The results of the inversion are shown below. We are unable to recover the moderately conductive overburden as ZTEM data are not sensitive to layered structures. Despite only inverting data at 2 frequencies, we are generally able to recover the shape of the pipe. The maximum conductivity of the recovered structure is notably higher than the true conductivity of the pipe.

The inversion reaches target misfit after 4 iterations, but we have chosen to show the model at iteration 3 (chi factor of 1.005). The model norm is discontinuous because the current model is set to be the reference model for the next beta value. The recovered model is able to reproduce the observed anomaly but underestimates its amplitude.

../../../_images/inv_ztem_v2_iter03.png

Recovered model at iteration 3. EW cross-section (left), NS cross-section (centre), horizontal slice (right).

../../../_images/true_model_ztem.png

True model.

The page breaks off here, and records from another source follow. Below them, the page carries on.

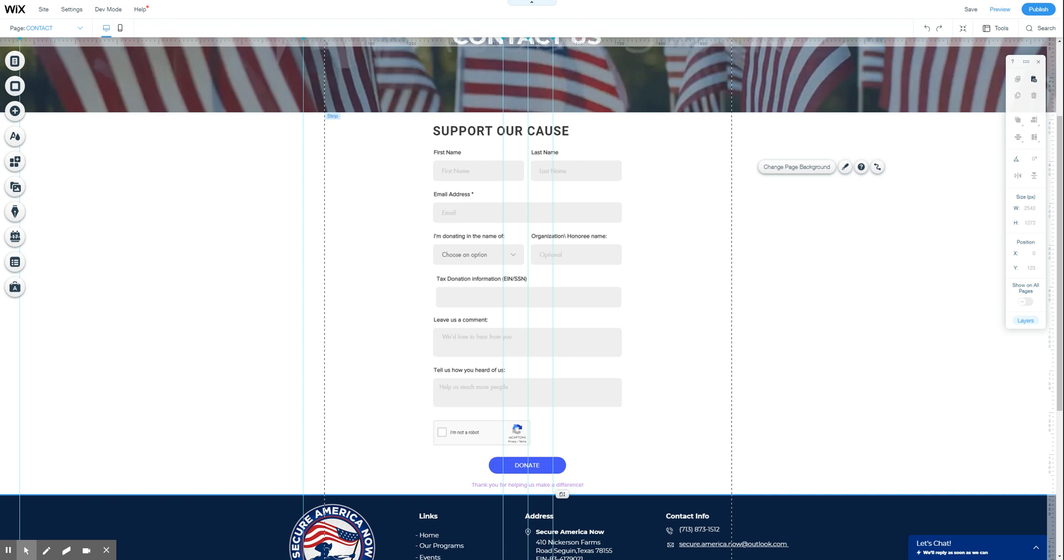Hey there, Todd at Biz Ladder here. This video is going to talk about Wix payment forms.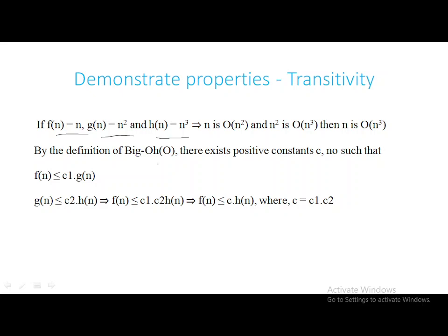By definition of Big O, we already know there should be two positive constants c and n₀ such that if you want to prove f(n) is in Big O of g(n), you want to prove f(n) ≤ c₁ · g(n). Similarly, to prove g(n) is in order of h(n), you want to prove g(n) ≤ c₂ · h(n), and this is applicable after a certain point n₀, which we always take as n ≥ n₀. Now, to prove f(n) ≤ h(n), we replace the constant c with c₁ · c₂. In simple words, we can say that n ≤ n³.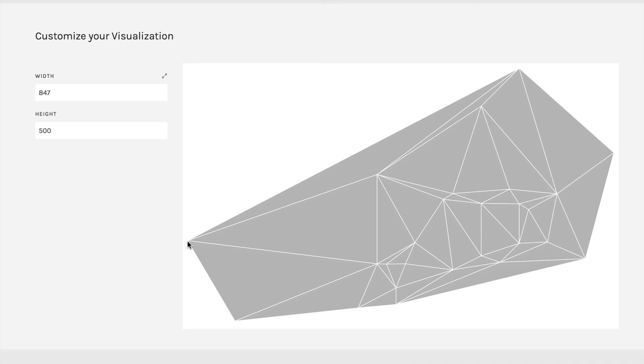So a Delaunay triangulation can be another interesting way of looking at the connections between the points in your scatter plot.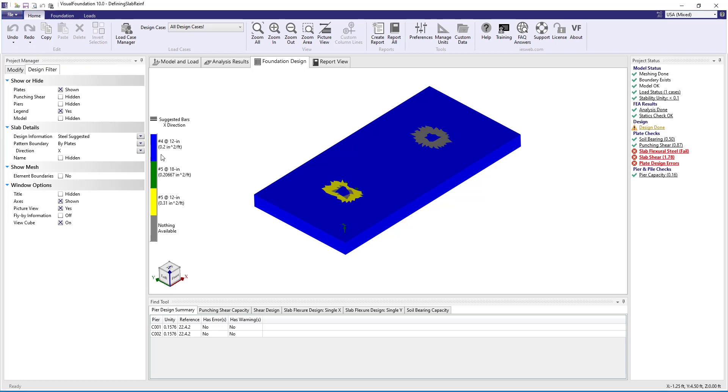In slab S1, where the optimized design approach was used, concrete bending suggests which rebar pattern should be used for each plate out of the four options that we gave the slab. In slab S2, where the specified design approach was used, concrete bending checks to see if the rebar pattern we specified is adequate.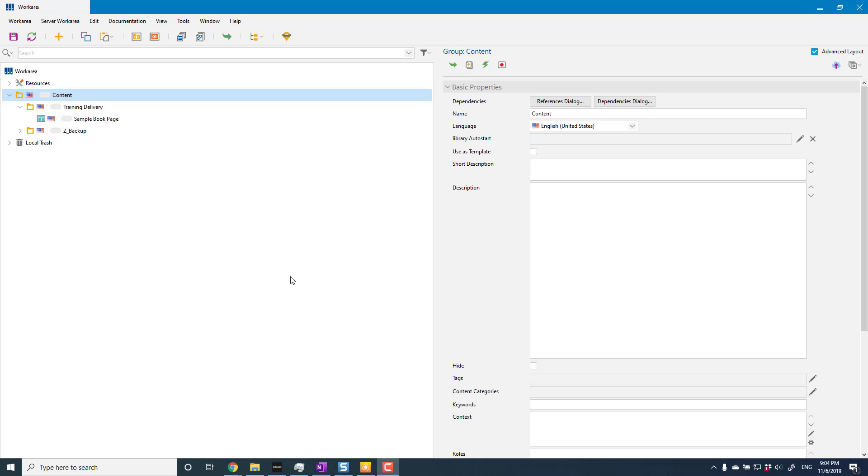I've been asked a couple of times recently how to create a glossary in SAP Enable Now, so here's a quick video on how to do exactly that. Creating a glossary is very easy. First thing I need is a group to put my glossary definitions in.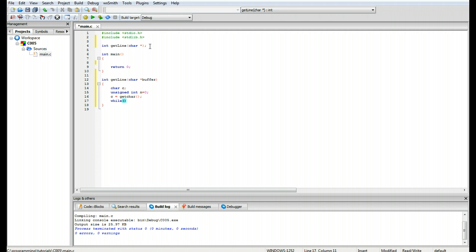We build on this with a while loop. While c is not equal to backslash n — which is the newline character — this loop will continue, so it's going to receive every character typed in.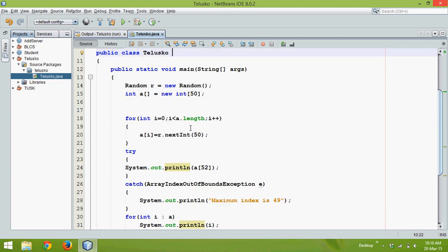So this is how you have to work with the single dimension array. So in the next part we will talk about two dimension array. So thank you so much for watching and do subscribe for the further videos.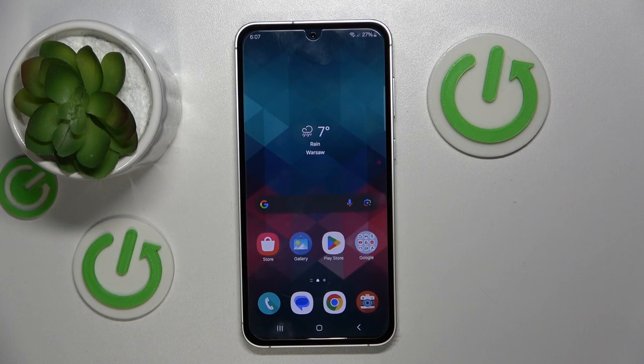Hello, in this video I will show you how to enable messenger chat heads on Samsung Galaxy F54.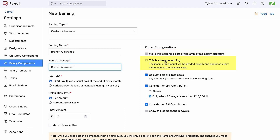The taxable earning option is also enabled as this component will be a part of CTC and it is a fixed pay component. We are retaining the option 'calculate on prorata basis' as enabled, in order for this earning component to be prorated based on the employee's date of joining or the LOP imposed during the monthly pay run process.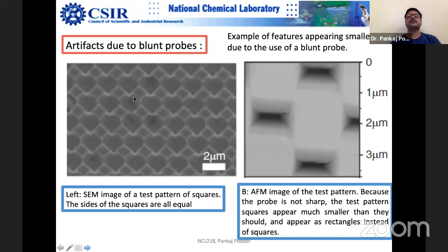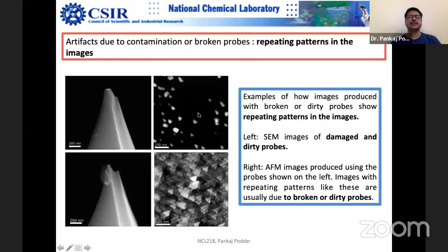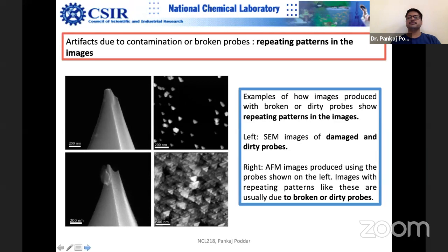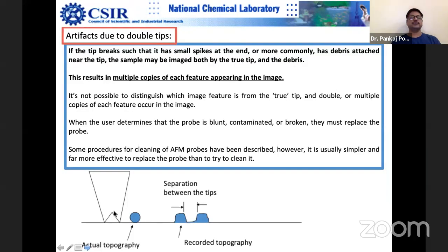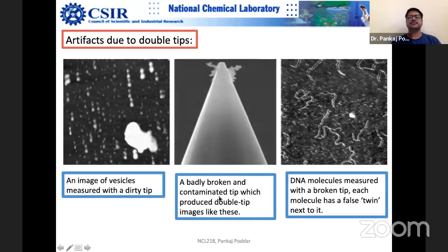Artifacts due to contamination or a broken tip result in repeating patterns in images. You can see that patterns get repeated. If you use a broken tip, one spherical particle will appear as two distorted images separated by the distance between the two tips — you get twin images. This is because of the separation between the two tip portions. Image of vesicles measured by a dirty tip: a badly broken and contaminated tip produces all kinds of artifacts.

EW cross-section (left), NS cross-section (centre), horizontal slice (right).

../../../_images/inv_ztem_v2_convergence.png

Convergence curve shows that inversion reaches target misfit. The model norm is discontinuous because the reference modeled is updated at each iteration.

../../../_images/inv_ztem_v2_misfit.png

Predicted data (left), observed data (centre) and normalized misfit (right) for the real component of \(T_{zx}\) at 60 Hz.